[DATA TO USE]
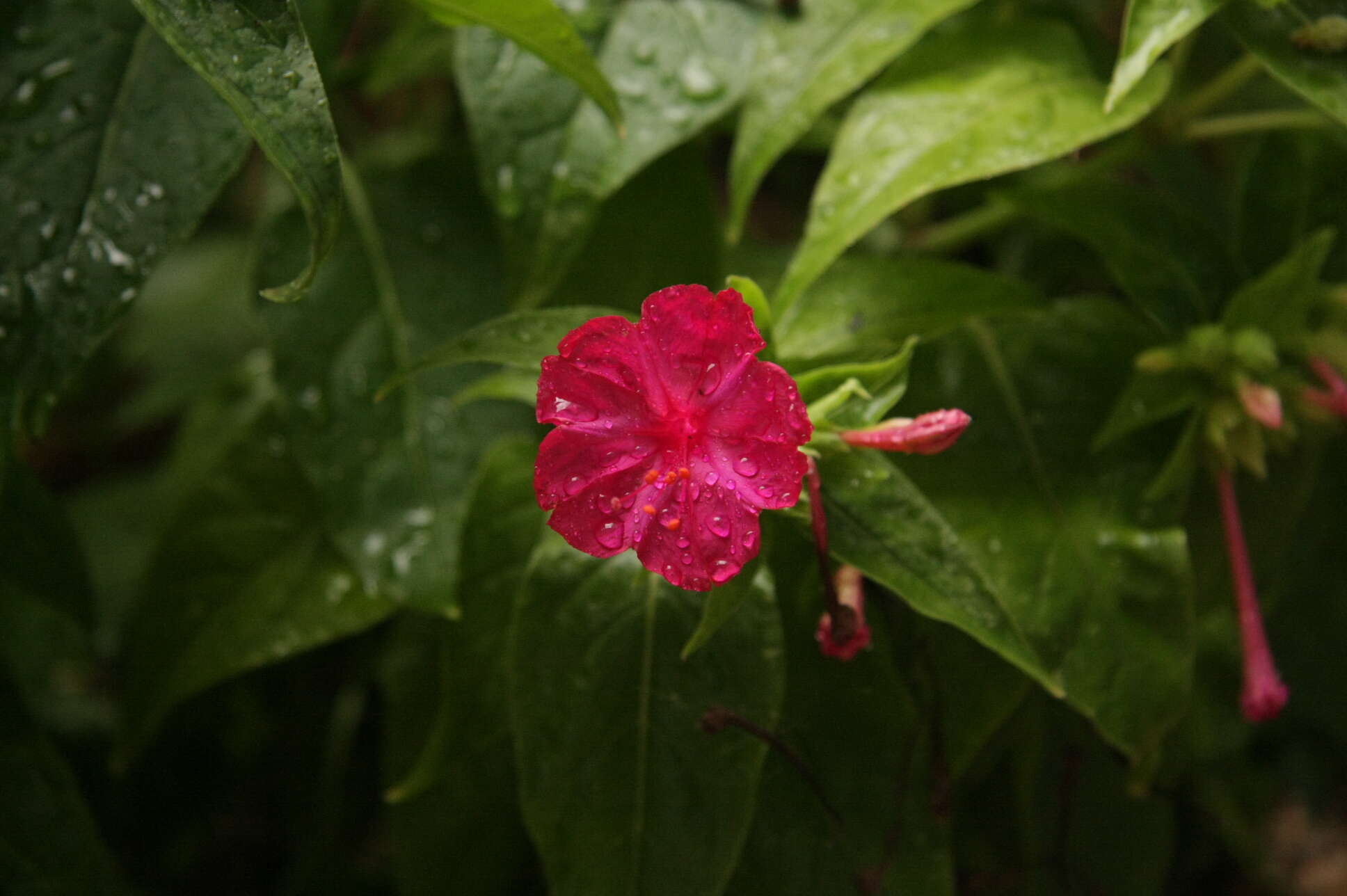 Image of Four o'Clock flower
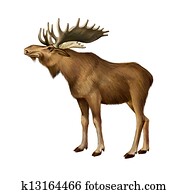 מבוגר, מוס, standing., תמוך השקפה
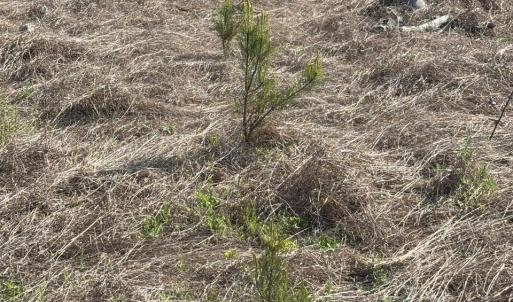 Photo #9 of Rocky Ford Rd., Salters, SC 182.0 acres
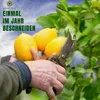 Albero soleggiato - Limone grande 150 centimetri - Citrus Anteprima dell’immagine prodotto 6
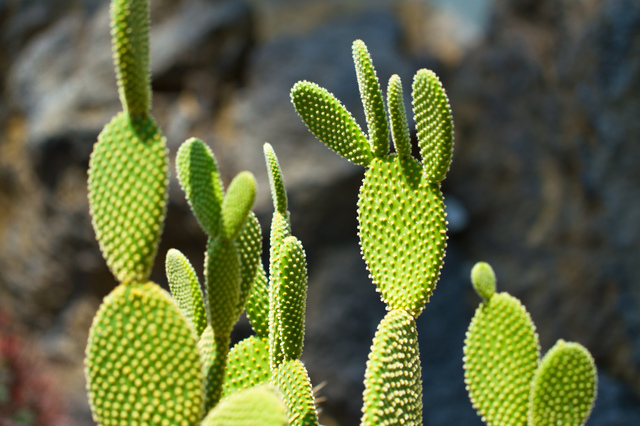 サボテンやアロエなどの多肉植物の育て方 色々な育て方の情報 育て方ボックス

[TASK INSTRUCTIONS] Could the material above be written out again word for word, with the pictures dropped?

[WRITTEN ANSWER]
 Image of Four o'Clock flower
 מבוגר, מוס, standing., תמוך השקפה
 Photo #9 of Rocky Ford Rd., Salters, SC 182.0 acres
 Albero soleggiato - Limone grande 150 centimetri - Citrus Anteprima dell’immagine prodotto 6
 サボテンやアロエなどの多肉植物の育て方 色々な育て方の情報 育て方ボックス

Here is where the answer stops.